Items from a dataset
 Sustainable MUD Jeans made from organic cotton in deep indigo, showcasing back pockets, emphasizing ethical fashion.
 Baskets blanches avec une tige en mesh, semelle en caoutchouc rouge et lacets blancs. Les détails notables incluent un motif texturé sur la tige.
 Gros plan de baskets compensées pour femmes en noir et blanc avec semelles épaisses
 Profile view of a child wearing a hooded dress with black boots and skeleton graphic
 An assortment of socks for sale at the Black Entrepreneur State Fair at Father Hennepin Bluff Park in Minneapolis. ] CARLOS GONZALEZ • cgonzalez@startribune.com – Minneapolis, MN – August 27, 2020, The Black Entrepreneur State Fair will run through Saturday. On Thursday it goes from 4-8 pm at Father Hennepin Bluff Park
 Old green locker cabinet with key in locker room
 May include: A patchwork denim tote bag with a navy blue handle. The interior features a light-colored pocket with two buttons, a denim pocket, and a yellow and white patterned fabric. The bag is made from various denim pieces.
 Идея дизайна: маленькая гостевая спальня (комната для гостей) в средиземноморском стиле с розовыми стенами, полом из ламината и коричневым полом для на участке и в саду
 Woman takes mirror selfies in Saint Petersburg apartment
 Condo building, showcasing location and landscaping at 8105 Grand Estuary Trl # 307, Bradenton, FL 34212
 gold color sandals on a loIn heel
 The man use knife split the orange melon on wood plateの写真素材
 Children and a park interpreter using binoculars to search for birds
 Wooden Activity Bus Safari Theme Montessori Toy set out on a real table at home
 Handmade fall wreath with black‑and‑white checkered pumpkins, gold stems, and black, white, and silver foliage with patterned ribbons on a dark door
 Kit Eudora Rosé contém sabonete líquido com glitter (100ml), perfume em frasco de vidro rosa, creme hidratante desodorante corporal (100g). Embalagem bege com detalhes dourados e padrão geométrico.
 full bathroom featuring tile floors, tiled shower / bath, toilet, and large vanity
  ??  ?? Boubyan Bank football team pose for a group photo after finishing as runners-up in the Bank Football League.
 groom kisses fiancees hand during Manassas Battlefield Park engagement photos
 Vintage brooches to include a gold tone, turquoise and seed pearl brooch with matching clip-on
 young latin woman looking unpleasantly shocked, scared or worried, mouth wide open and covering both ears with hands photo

**What is needed:** Note every line of the entries in which "showcasing" appears, and copy it down.

**The completed task:**
 Sustainable MUD Jeans made from organic cotton in deep indigo, showcasing back pockets, emphasizing ethical fashion.
 Condo building, showcasing location and landscaping at 8105 Grand Estuary Trl # 307, Bradenton, FL 34212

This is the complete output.